Remember the friary where they found Richard III? It was under a parking lot in Leicester. Well, they found a stone coffin there and they're not sure who's in it. It could be Peter Swynsfeld, or William of Nottingham. Or it could be Sir William de Moton of Peckleton. We've been wondering where Sir William went.
Archaeologists are set to lift the lid on a stone coffin discovered at the site of the English friary where Richard III's remains were found.
Excavators suspect the tomb — billed as the only intact stone coffin found in Leicester — may contain the skeleton of a medieval knight or one of the high-status friars thought to have been buried at the church.
Richard III, the last king of the House of York, ruled England from 1483 to 1485, when was killed in battle during the War of Roses, an English civil war. He received a hasty burial at the Grey Friars monastery in Leicester as his defeater, Henry Tudor, ascended to the throne. Grey Friars was destroyed in the 16th century during the Protestant Reformation, and its ruins became somewhat lost to history. [Photos: The Discovery of Richard III]
A dig beneath a parking lot in Leicester last summer revealed the remains of Grey Friars and a battle-ravaged skeleton later confirmed to be that of Richard III. Excavators also found a handful of other graves, including this coffin, which the researchers think was put in the ground more than 100 years before Richard's burial.

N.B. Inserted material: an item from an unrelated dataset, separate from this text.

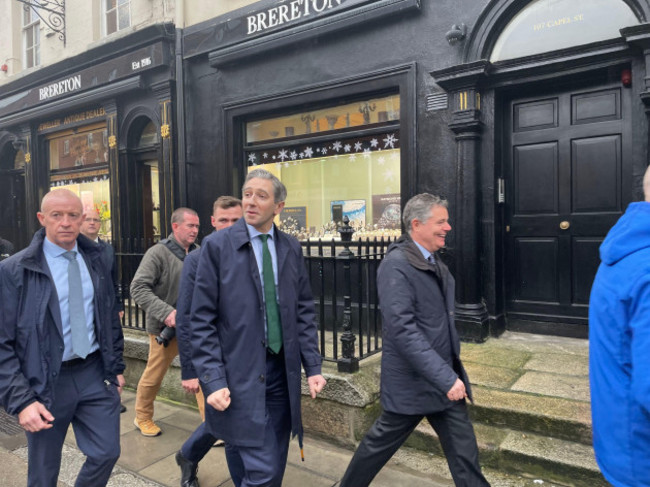 taoiseach-simon-harris-and-minister-paschal-donohoe-canvassing-voters-on-capel-street-in-dublin-picture-date-thursday-november-14-2024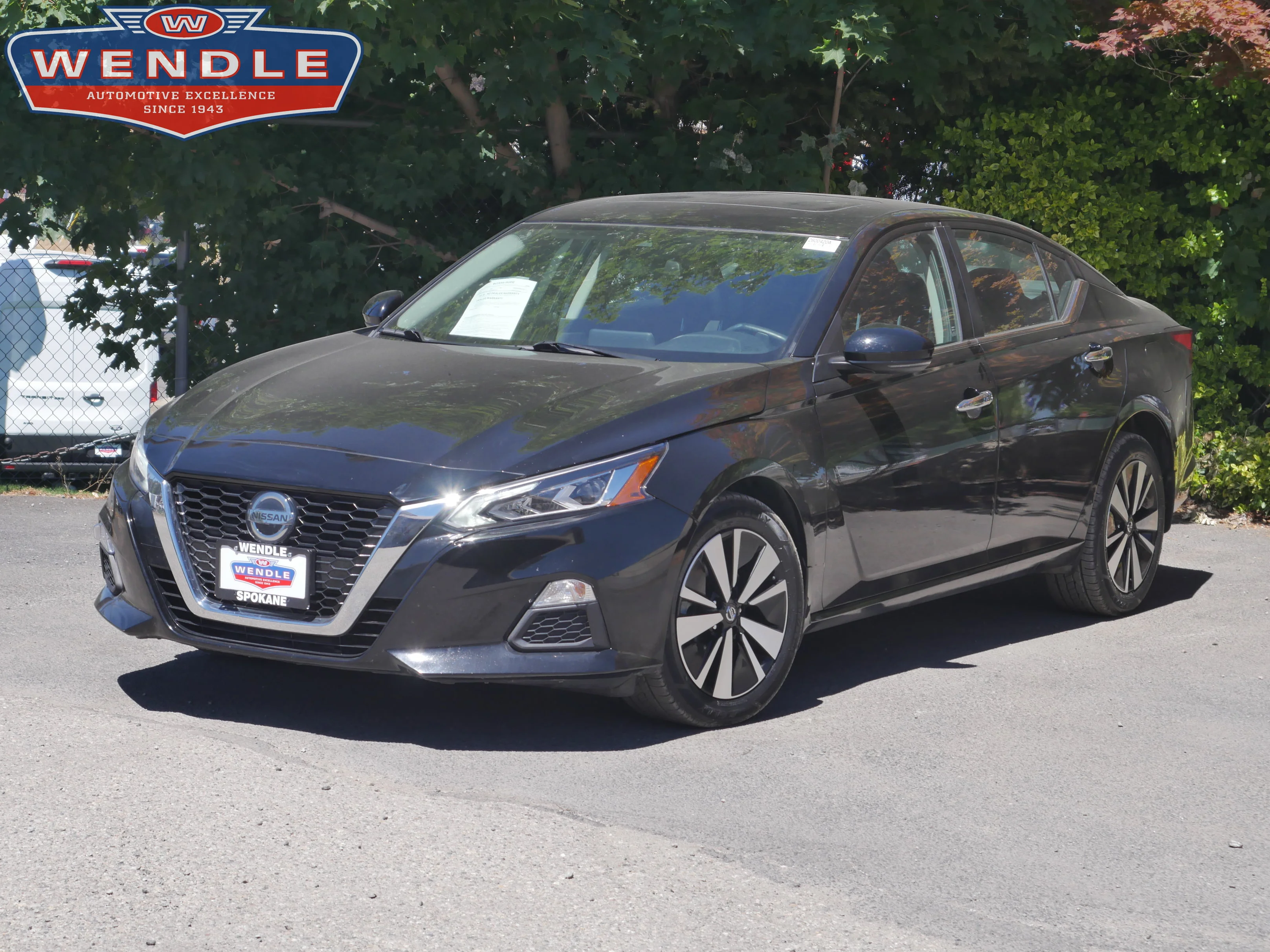 Certified Used 2022 Super Black Nissan 2.5 SV image 1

This month, the team from the University of Leicester started a fresh excavation at the site. Now in their final week of digging, the researchers plan to open the coffin in the days ahead.
They think it might contain the remains of the knight Sir William de Moton of Peckleton, who died between 1356 and 1362, or one of two heads of the Grey Friars order in England, Peter Swynsfeld or William of Nottingham.
"Stone coffins are unusual in Leicester — and this is the first time we have found a fully intact stone coffin during all our excavations of medieval sites in the city," site director Mathew Morris, of the University of Leicester Archaeological Services (ULAS), said in a statement. "I am excited that it appears to be intact.